Chan explained that by being mobile-first, Chinese social media was forced to experiment alternative monetization techniques very early on, with advertisements being less appealing on a phone compared to a computer. The super app, which minimizes the taps needed for each action, thereby improving user experience, also stems from the mobile-first principle, she said.
Fierce competition and consumers readily embracing new practices and models also pushed Chinese companies to innovate faster and better, according to Chan.
“Consumers in Asia are, on a margin, more experimental when it comes to accepting new features or tolerating constant changes to the user experience,” she said.
Michael Pachter, an analyst who covers Facebook and Snapchat for Los Angeles-based Wedbush Securities, said it makes sense for companies like Facebook and Snapchat to emulate what has worked in China.
“The Chinese aren’t that unique. They are consumers and they respond” to the kind of in-app functionalities WeChat has, Pachter said. “If it works well in China, it should also work elsewhere.”
Besides Facebook and Snapchat, some smaller companies are also learning from Tencent — and they are not hiding it.

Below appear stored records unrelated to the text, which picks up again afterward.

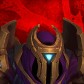 Arjun avatar
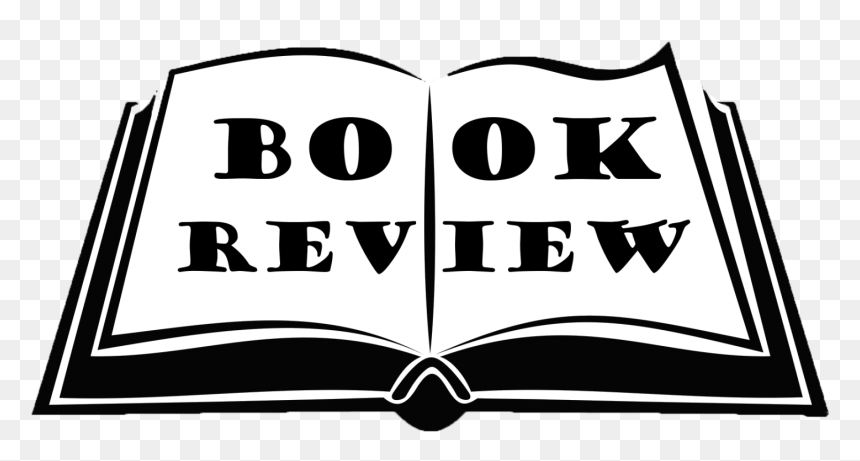 Transparent Boy Symbol Png, Png Download - book symbol png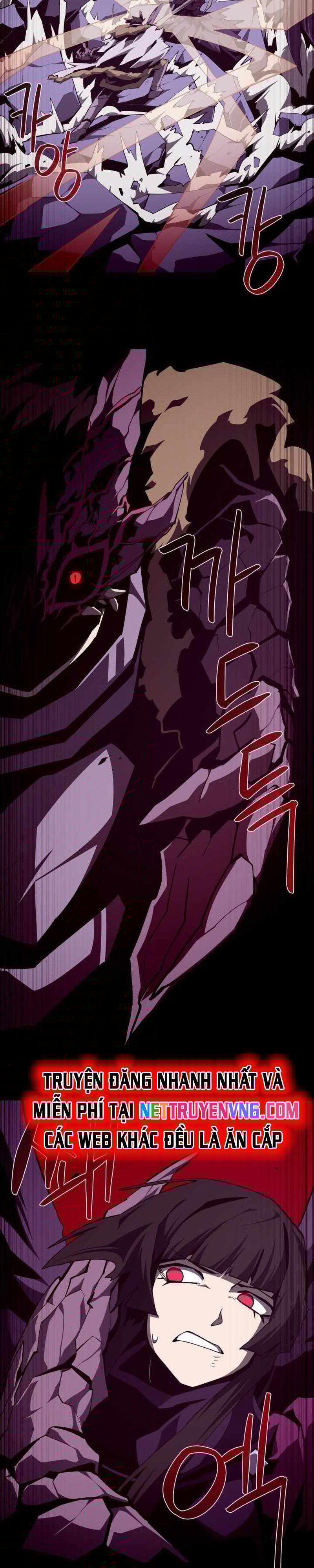 Hồi Ức Trong Ngục Tối Chap 122 - Next Chap 123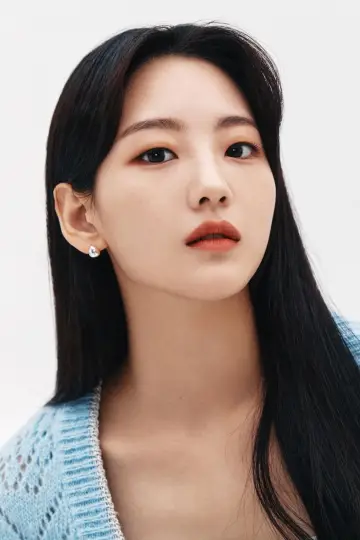 Photo Cho Yi-hyun #196490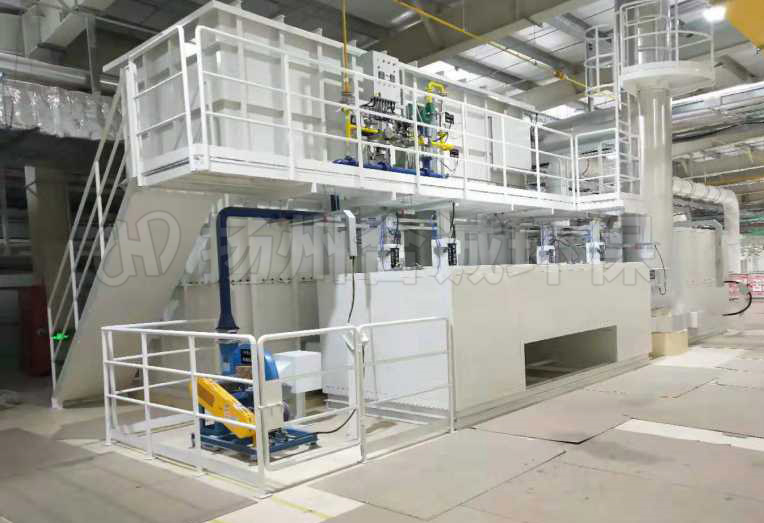 揚(yáng)州市合誠(chéng)環(huán)保設(shè)備有限公司是做什么的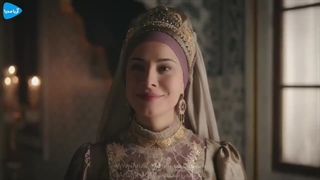 دانلود سریال پایتخت عبدالحمید قسمت 42 با زیرنویس فارسی Payitaht Abdulhamid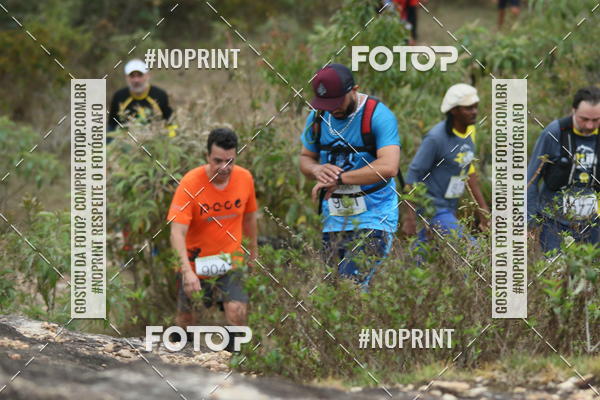 Buy your photos of the eventTrail Run - Lavras Novas on Fotop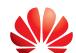 HUAWEI MEDIAPAD M3 LTE - Marques de commerce et autorisations - 1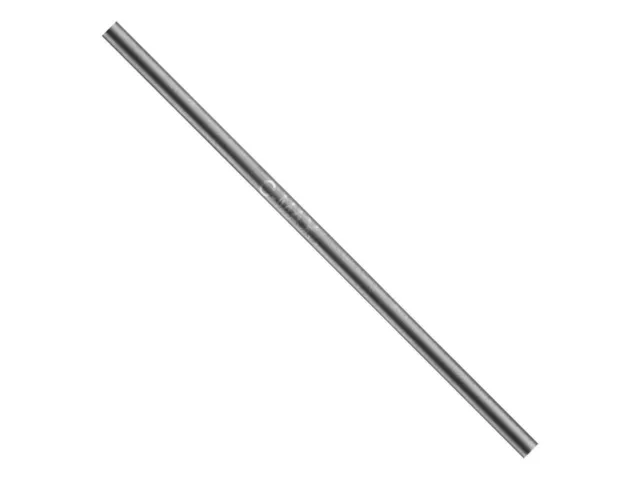 GRS® Tools C-Max Carbide Blank Round Graver 1.80mm #022-622 - TB9922622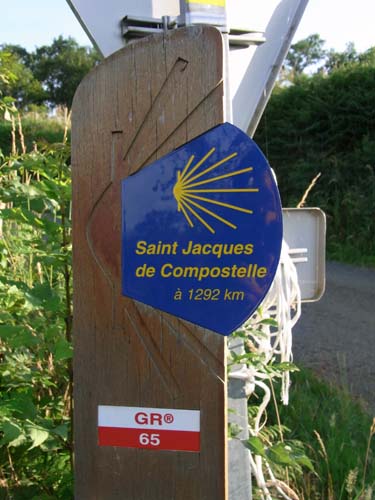 Photo 042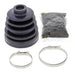 CV Boot Repair Kit - Rear, Outer 19-5045
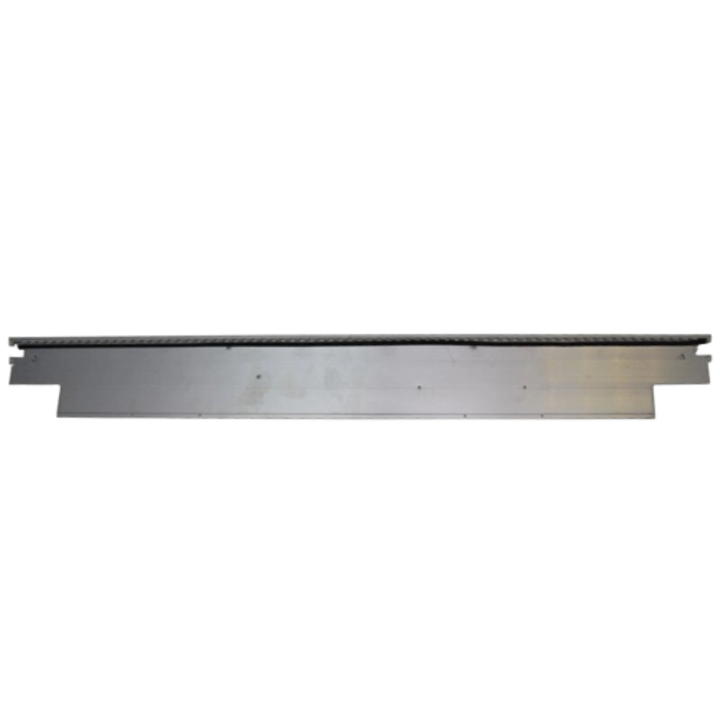 Tira LED 67-H93402-0A0 SH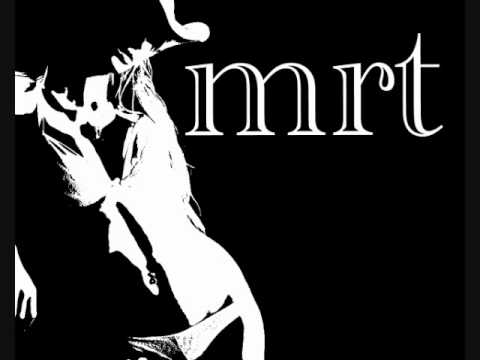 Dare to speak - MRT boys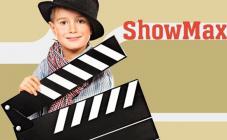 Продюсерский центр ShowMax - фото (1763-9430)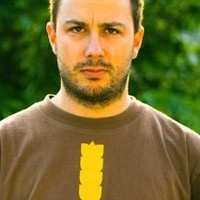 Riccardo Trost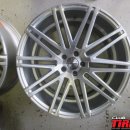 002-문산-002 이미지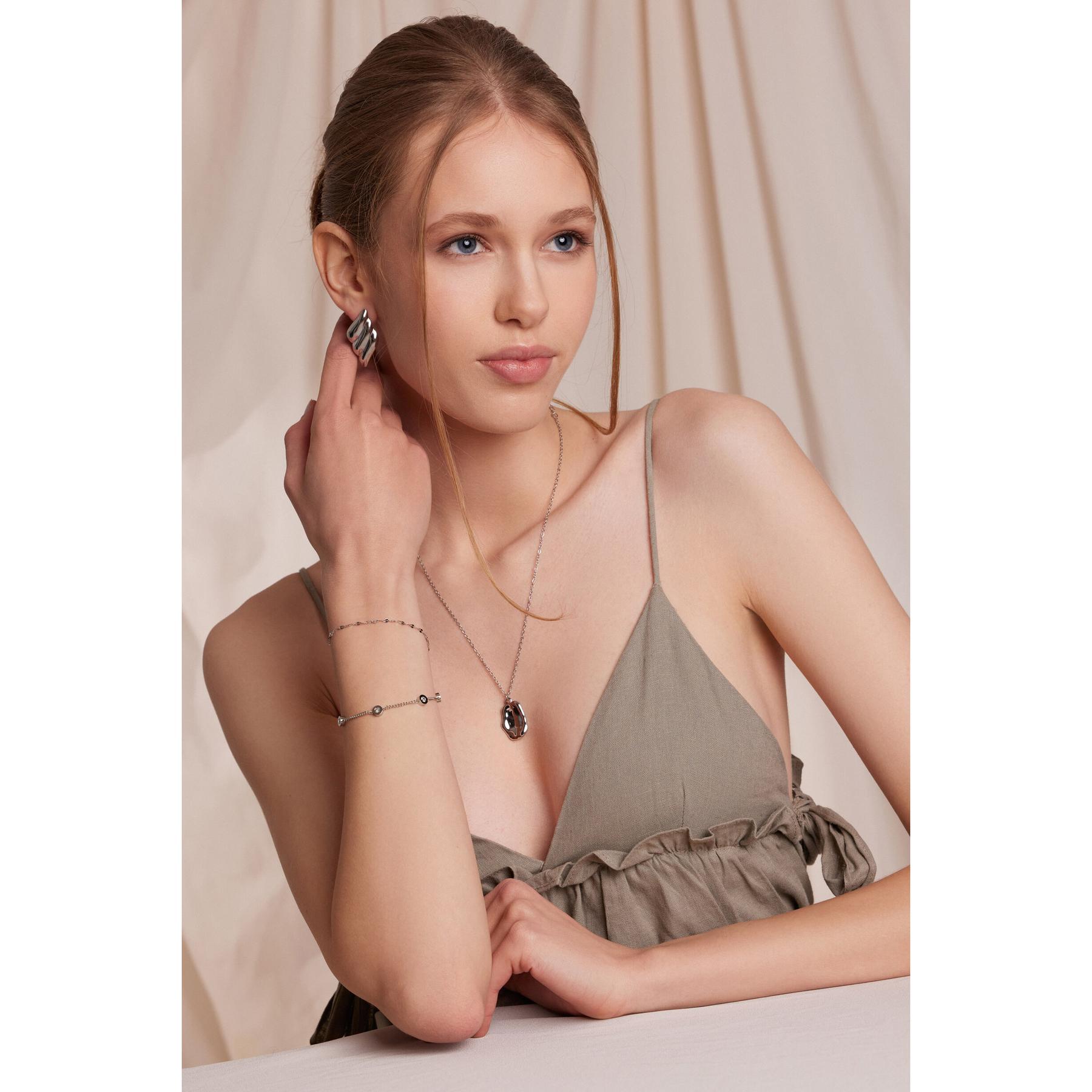 product/a/m/amelia-parker_an015s_silver_3.jpg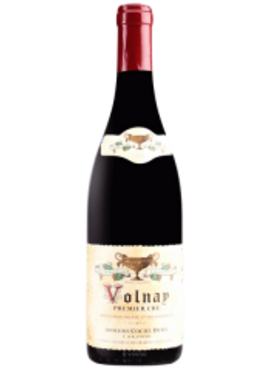 Domaine Coche-Dury Volnay Premier Cru 2021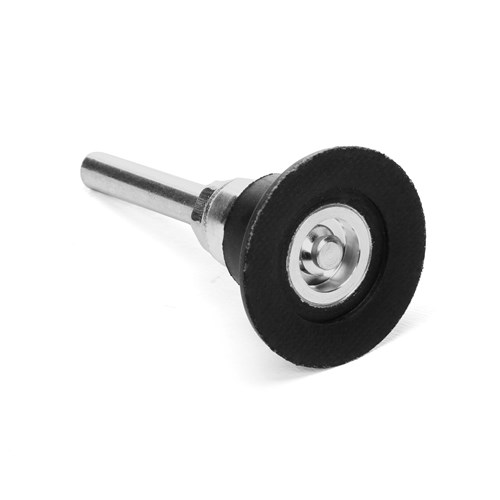 1-1/2 TS QUICK CHANGE DISC HOLDER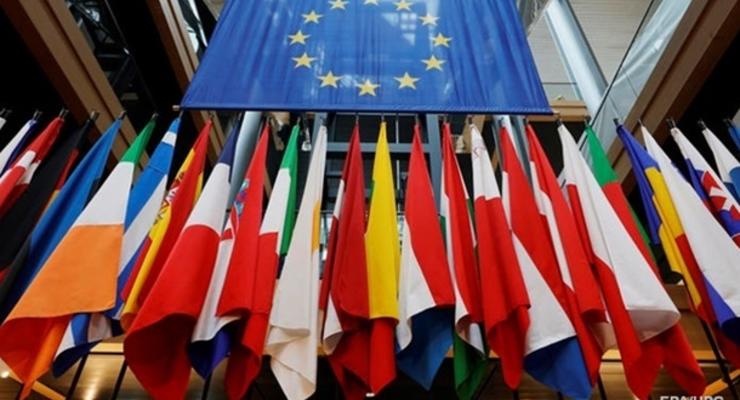 Помощь Украине: в ЕС пообещали найти способ обойти вето Орбана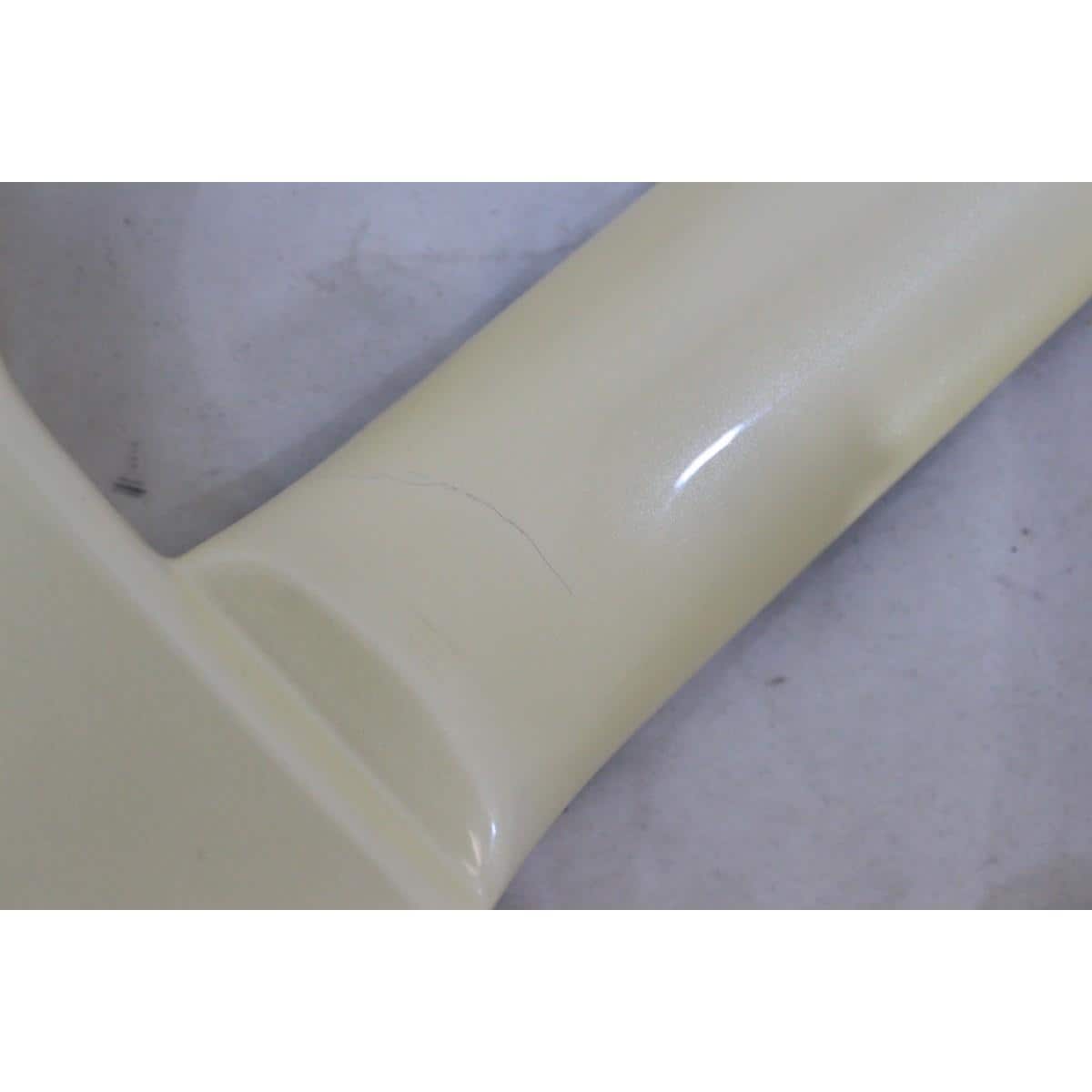 ＧＲＥＣＯ　　ＧＰＳ－６０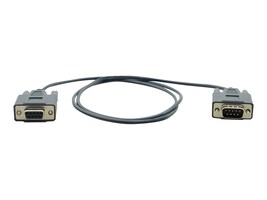 Kramer Electronics C-D9M/D9F-10                   Main Image from Front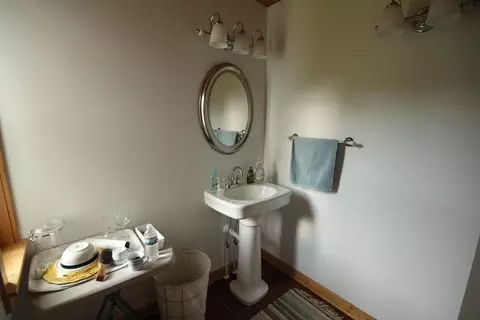 90 Long Mountain Rd, Willis, VA 24380 photo 33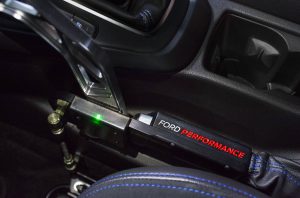 Ford-Performance-Drift-Stick-6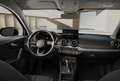 Audi Q2 35 TDI Advanced S tronic 110kW Azul - thumbnail 8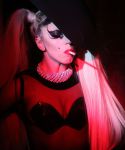 Filename=lady_gaga_173.jpg
Filesize=780KiB
Dimensions=2000x3000
Date added=Mar 08, 2011 lady_gaga_173.jpg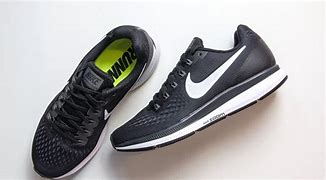 Image result for Nike Robot Shoes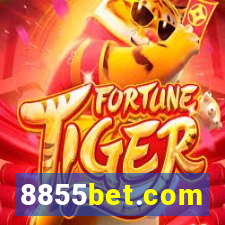8855bet.com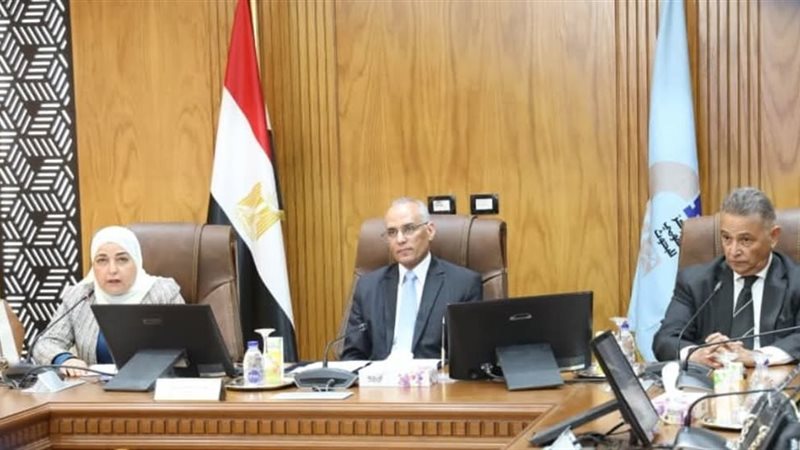 جانب من الملتقى العلمي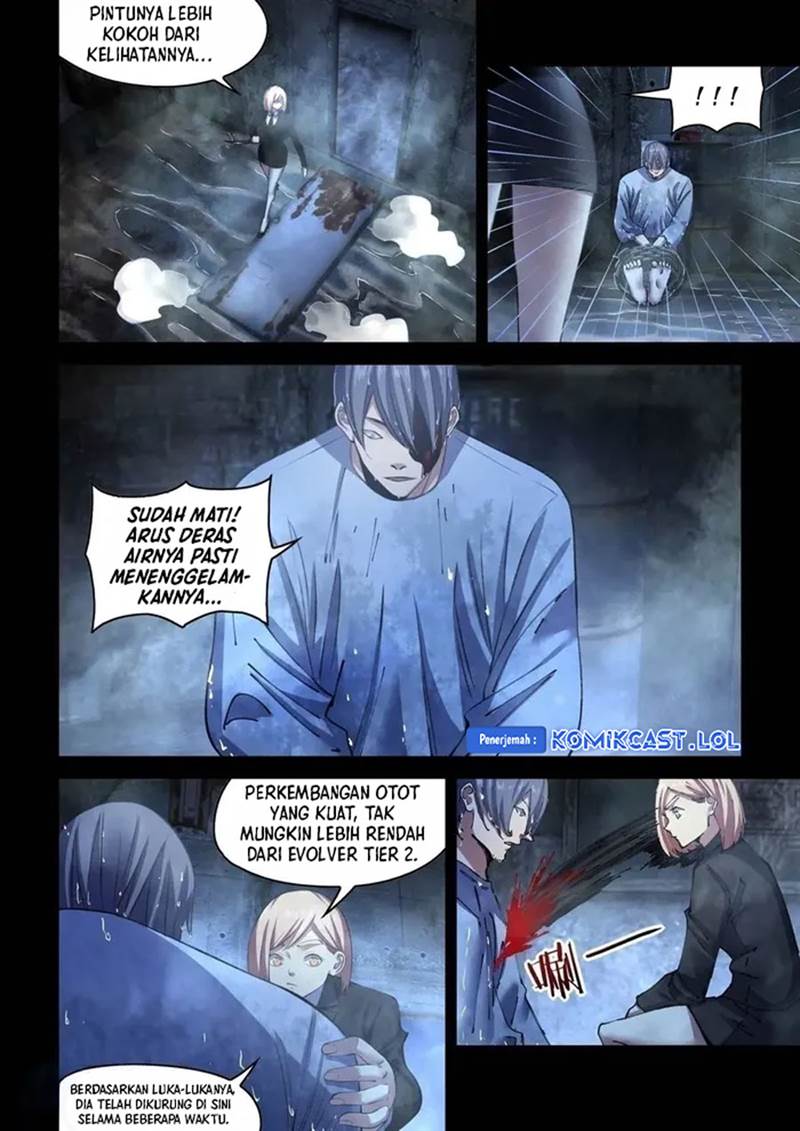 image-komik-the-last-human-chapter-557-3/16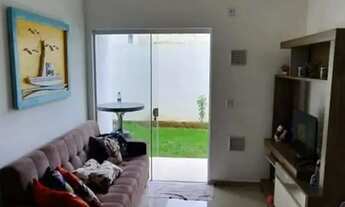 Imagem: Apartamento em Avenida Lions Internacional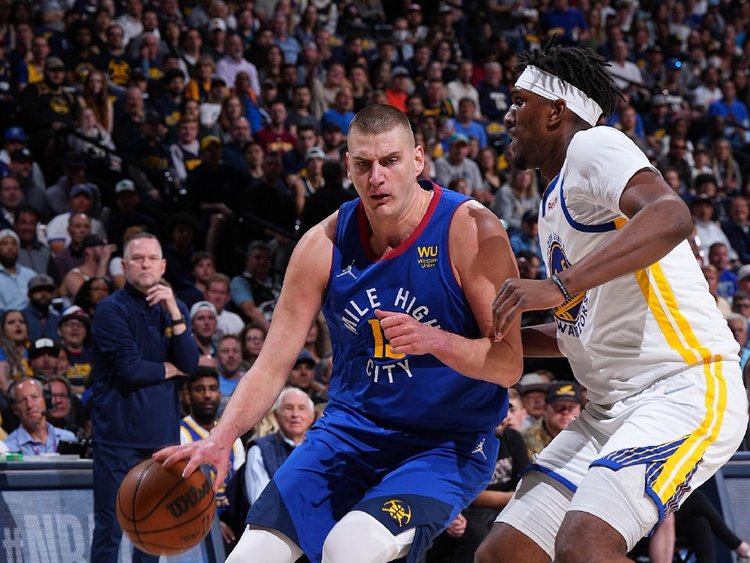 是力量与空 是力量与空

In 2014, Ted Livingston, CEO of Canadian messaging service provider Kik declared his ambition to make Kik the “WeChat of the West.” Tencent became an investor in Kik the following year.
Analysts warned, however, that Western companies will not be able to simply copy and paste the WeChat model, due to different consumer and regulatory environments.
“If we didn’t have anti-trust rules, I think Facebook would have bought everybody up” and become a super app, Pachter said.
“It’s important for an entrepreneur studying Asia to know which things translate, and which things are very much a function of Chinese or Asian culture,” said Andreessen Horowitz’s Chan.